Finally, several analyses were run for different types of legumes (beans, chickpeas and lentils) and for traditional legume-based recipes (chickpea-based stew, lentils with sausage and beans with sausage). Beans included the following types of beans: navy beans, canned navy beans, black beans, kidney beans, canned kidney beans and canned fabada stew; chickpeas included also canned chickpeas and toasted chickpeas, while lentils included also canned lentils. Given the small amount consumed of some specific legumes and recipes, dichotomous variables were used for these analyses (consumption v. no consumption).
Multivariable-adjusted linear regression models described above employed the ordinary least squares estimation, which is robust to deviations from normality in large samples(Reference Lumley, Diehr and Emerson25). Heteroscedasticity was assessed by means of the Breusch-Pagan/Cook-Weisberg test, using the correction for dropping the normality assumption(Reference Breusch and Pagan26,Reference Cook and Weisberg27) . The presence of multicollinearity in the models was assessed by means of the variance inflation factor, with values below 10 being considered adequate according to the literature(Reference Hair, Anderson and Tatham28). In general terms, the Breusch-Pagan/Cook-Weisberg test suggested that the error terms associated with the models considered were homoscedastic, while the highest mean variance inflation factor value found was 1·56.

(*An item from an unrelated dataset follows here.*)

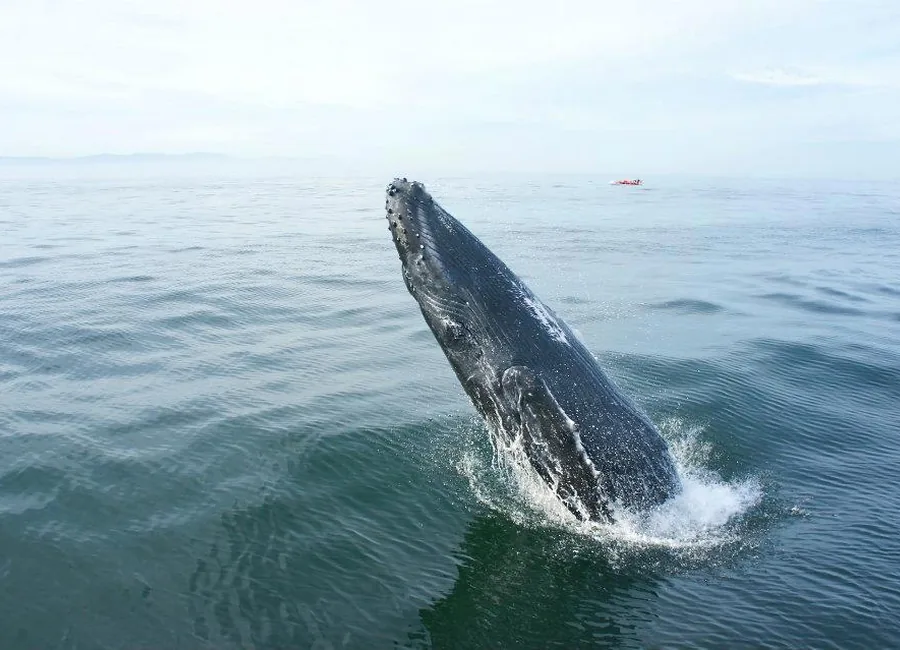 Whale watching Puerto Vallarta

Statistical analyses were conducted using Stata 15(29).
Results
The mean age of the participants in the study was 68·7 years, with a standard deviation of 6·4. 53·1 % of them were women, and 45·5 % of the participants had secondary education or a higher educational level. Table 1 shows the consumption of legumes at baseline. Only 21·6 % of participants did not consume dry legumes. The mean total consumption of legumes was 57·9 (sd 63·2) g/d in the full sample comprising 2505 participants, and the highest intake was reported for lentils, with a mean of 16·9 (sd18·4) g/d. Other dry legumes highly reported were chickpeas, with a mean consumption of 8·5 (sd16·6) g/d, and navy beans, with a mean consumption of 7·2 (sd14·8) g/d. Median values in the distribution for lentils and total consumption of legumes were 18·9 and 41·0 g/d, respectively.

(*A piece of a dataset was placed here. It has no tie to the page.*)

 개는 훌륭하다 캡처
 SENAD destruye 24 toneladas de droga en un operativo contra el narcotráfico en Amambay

Consumption of legumes was higher in men (P < 0·001), younger participants (P = 0·027) and current or former smokers (P = 0·002), while living in big cities was associated with a lower intake (P = 0·002) (Table 2). Significant differences in the Mediterranean Diet Adherence Screener score were not found across tertiles of legume consumption (P = 0·68). Also, legume consumption was associated with higher energy and protein intake (P < 0·001).

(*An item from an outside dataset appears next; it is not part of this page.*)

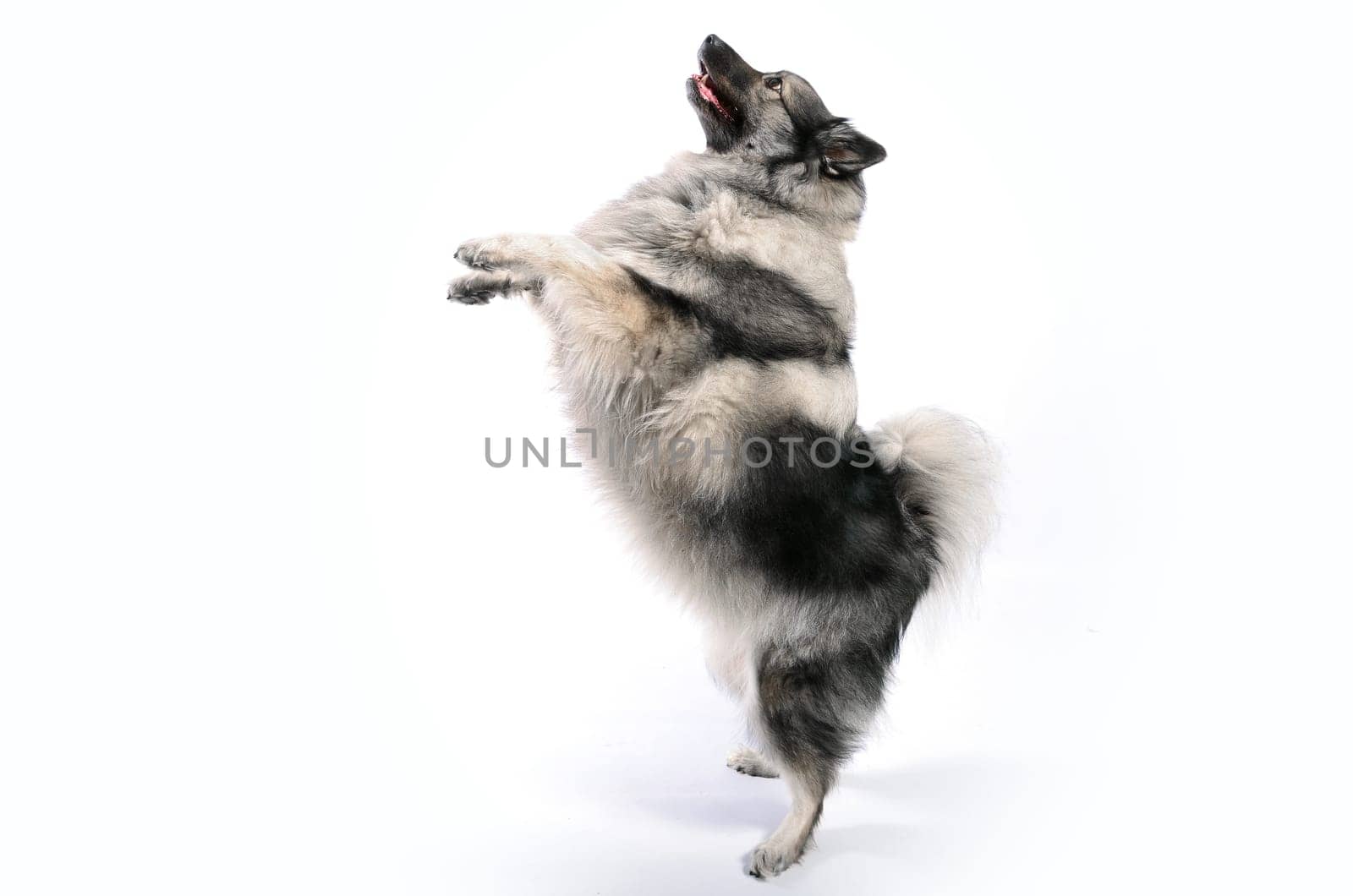 cheeky dog Wolfsspitz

Table 2. Baseline characteristics of study participants according to tertiles of legume consumption (n 2505)
(Mean values and standard deviations; numbers and percentages)
TV, television; MEDAS, Mediterranean Diet Adherence Screener.
* P values were obtained from ANOVA for continuous variables and the χ 2 test for categorical ones.
† MEDAS score, ranging between 0 and 13, was calculated excluding the item on legume consumption.
‡ To convert kcal to kJ, multiply by 4·184.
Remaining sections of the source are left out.